Do you investigate disruptions that, at first glance, do not seem connected to your business or clients, but that at very least may create distractions relevant to your world?

Recently, I was invited to attend “Navigating a World in Disruption,” the 12th edition of the International Economic Forum of the Americas’ (IEFA) Toronto Global Forum. This lively, open exchange of ideas and experience brought together more than 3500 delegates and 170 speakers representing more than 65 countries—a mix of disruptors, disrupted, and those distracted by disruption.

FYI: Terrific Places to Think: The four annual IEFA Forums are by design and reputation, places that connect attendees with world leaders and with each other. IEFA declares its mission: “to facilitate agreements, offer business opportunities and provide access to unique insights from leading specialists.”

Navigating a World in Disruption

The three-day Global Forum provided opportunities for business leaders, decisions makers, government representatives, and heads of state to discuss how organizations and economies can thrive amidst intense, seemingly-escalating economic, social, and environmental transformation. Speakers across the broad topic range acknowledged that political upheaval, reactive populism, and protectionism provide charged, distracting climates for businesses. This is a challenge as they are already coping, locally and internationally, with the growing list of disruptive technology: digital transformation, cyber risk, artificial intelligence, fintech, blockchain…and the list continues.

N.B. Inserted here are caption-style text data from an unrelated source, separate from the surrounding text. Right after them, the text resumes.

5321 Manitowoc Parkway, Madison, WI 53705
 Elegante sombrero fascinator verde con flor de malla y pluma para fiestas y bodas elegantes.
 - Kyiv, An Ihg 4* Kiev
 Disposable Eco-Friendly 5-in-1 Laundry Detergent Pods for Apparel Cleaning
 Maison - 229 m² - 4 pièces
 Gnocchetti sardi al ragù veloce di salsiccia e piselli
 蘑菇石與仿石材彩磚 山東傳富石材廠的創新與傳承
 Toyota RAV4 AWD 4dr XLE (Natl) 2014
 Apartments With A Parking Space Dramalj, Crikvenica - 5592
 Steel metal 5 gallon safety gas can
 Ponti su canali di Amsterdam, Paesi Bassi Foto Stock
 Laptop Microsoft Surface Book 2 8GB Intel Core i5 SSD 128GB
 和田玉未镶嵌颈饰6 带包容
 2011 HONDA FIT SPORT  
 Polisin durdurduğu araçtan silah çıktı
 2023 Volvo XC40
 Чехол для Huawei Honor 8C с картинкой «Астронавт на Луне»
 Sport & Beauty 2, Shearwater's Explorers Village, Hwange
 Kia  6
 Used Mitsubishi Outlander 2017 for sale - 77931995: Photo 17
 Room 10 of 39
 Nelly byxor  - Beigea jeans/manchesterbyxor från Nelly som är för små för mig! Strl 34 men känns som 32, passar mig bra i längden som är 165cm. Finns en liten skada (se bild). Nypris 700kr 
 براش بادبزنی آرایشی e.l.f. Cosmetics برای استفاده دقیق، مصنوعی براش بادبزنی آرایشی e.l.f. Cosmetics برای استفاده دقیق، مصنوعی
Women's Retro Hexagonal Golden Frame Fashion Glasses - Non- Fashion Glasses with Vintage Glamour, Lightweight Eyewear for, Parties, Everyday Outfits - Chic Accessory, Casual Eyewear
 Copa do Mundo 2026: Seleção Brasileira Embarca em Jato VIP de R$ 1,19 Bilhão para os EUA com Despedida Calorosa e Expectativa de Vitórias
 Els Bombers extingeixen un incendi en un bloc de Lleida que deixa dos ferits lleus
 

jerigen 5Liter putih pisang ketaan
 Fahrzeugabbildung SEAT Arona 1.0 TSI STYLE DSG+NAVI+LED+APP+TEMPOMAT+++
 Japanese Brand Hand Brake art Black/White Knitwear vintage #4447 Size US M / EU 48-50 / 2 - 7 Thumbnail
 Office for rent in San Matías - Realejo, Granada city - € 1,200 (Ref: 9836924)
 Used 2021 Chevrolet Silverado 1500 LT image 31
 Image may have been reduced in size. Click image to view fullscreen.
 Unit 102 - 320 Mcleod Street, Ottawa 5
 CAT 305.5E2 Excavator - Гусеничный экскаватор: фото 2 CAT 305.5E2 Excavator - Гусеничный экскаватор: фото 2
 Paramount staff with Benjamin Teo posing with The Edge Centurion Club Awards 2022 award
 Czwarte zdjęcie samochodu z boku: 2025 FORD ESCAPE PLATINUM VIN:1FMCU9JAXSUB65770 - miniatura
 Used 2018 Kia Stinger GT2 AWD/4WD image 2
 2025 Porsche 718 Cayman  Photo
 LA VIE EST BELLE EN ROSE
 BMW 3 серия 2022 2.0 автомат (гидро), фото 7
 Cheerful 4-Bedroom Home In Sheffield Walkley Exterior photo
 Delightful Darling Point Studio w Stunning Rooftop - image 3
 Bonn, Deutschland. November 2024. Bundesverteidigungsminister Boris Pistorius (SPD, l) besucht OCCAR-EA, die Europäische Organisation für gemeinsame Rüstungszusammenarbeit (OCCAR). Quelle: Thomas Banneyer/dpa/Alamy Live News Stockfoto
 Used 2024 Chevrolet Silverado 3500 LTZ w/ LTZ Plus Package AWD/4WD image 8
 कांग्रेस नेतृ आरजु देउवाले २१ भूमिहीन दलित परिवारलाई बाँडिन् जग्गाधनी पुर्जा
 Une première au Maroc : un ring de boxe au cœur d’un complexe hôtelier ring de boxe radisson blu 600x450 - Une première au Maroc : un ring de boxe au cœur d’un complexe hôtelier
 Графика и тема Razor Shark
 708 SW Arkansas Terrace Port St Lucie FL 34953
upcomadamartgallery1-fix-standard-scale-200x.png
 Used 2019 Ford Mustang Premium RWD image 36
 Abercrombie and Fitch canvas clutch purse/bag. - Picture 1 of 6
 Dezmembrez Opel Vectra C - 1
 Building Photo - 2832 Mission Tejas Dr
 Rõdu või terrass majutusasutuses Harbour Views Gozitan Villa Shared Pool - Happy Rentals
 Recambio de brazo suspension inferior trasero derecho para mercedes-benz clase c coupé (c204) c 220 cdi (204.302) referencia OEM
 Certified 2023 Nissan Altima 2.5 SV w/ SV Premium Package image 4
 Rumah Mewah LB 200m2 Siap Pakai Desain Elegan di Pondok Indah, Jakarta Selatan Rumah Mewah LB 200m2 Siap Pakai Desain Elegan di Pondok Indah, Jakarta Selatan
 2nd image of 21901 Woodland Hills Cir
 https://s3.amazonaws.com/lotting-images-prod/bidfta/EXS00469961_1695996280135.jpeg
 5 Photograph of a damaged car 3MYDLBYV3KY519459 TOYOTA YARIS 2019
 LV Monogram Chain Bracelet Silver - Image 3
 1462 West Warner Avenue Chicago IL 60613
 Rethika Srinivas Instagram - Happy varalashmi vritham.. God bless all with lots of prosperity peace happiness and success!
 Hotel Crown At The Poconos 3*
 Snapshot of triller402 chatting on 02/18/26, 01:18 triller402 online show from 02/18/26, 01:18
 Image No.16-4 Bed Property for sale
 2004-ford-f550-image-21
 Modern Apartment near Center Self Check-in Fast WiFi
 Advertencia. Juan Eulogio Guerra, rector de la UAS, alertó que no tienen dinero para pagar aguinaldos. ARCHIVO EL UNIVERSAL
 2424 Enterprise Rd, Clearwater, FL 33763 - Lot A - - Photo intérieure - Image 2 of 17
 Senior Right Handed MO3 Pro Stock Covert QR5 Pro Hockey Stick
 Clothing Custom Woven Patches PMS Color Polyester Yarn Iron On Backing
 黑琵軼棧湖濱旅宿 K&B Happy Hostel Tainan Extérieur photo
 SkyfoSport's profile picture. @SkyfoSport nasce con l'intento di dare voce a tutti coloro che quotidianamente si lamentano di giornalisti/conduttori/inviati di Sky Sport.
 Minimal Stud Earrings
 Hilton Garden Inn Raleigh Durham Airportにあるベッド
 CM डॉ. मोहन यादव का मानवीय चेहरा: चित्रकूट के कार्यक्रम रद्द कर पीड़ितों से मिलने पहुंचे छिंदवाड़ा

Listening to speakers and attendees revealed practical insights for professional practices, independent business, and entrepreneurial ventures intent on successfully “Navigating a World in Disruption.” My research on disruption definitions confirmed the importance of context.

Reducing external and internal distraction is crucial for individuals and organizations intent on building momentum to take advantage of disruption or avoiding negative effects. Here’s three practical examples:

  1. Cyber-Security:
    Instead of becoming easier, maintaining cyber-security has become more challenging. Often it is the seemingly-simple issues that are most distracting. For instance, weak-password-creation habits persist. Using the same password for multiple accounts is a reality that hackers have trained their efforts on. Do your passwords and those of your employees hold up to scrutiny? These same welcomed users may inadvertently compromise security by clicking on a hacked link or visiting a malware-infested website. When employees leave, how much of your organization’s cyber knowledge leaves with or because of them?
  2. Talent Searches:
    The hiring search for specific IT skills and experience has proven less valuable than unearthing genuine desire and innate ability to learn and share. IT can be learned, but emotional intelligence (EQ) is the socially-valued talent that should be a crucial target during hiring. EQ is an important contributor on many levels from cyber-security to anti- and pro-disruption innovation, among other productivity issues.
  3. Collaboration:
    This word has become a conveniently-evasive catchall that is often used to demonstrate inclusive thinking when little may have taken place. Rarely explained or defined, collaboration frequently remains underestimated and undervalued. Collaboration does not involve only the willingness to cooperate or share, or at least talk about it. Collaboration must include communication skills like active listening, negotiation, and persuasive engagement. For individuals and groups who did not receive communication training in the 20th Century or who concentrated on 21st-Century social media, the conscious use of communication skills like these may not be automatic. The other meaning of the word—collaborating with the enemy—may also detract from its potential. The wish or intent to collaborate may not be enough to create practical, functional exchanges and commitment. Those with the knowledge and experience to facilitate collaboration may have the advantage in navigating the world of disruption.

What are your definitions of “disruption” and “collaboration”?
How prepared are you and your clients for disruption in your industry or their worlds?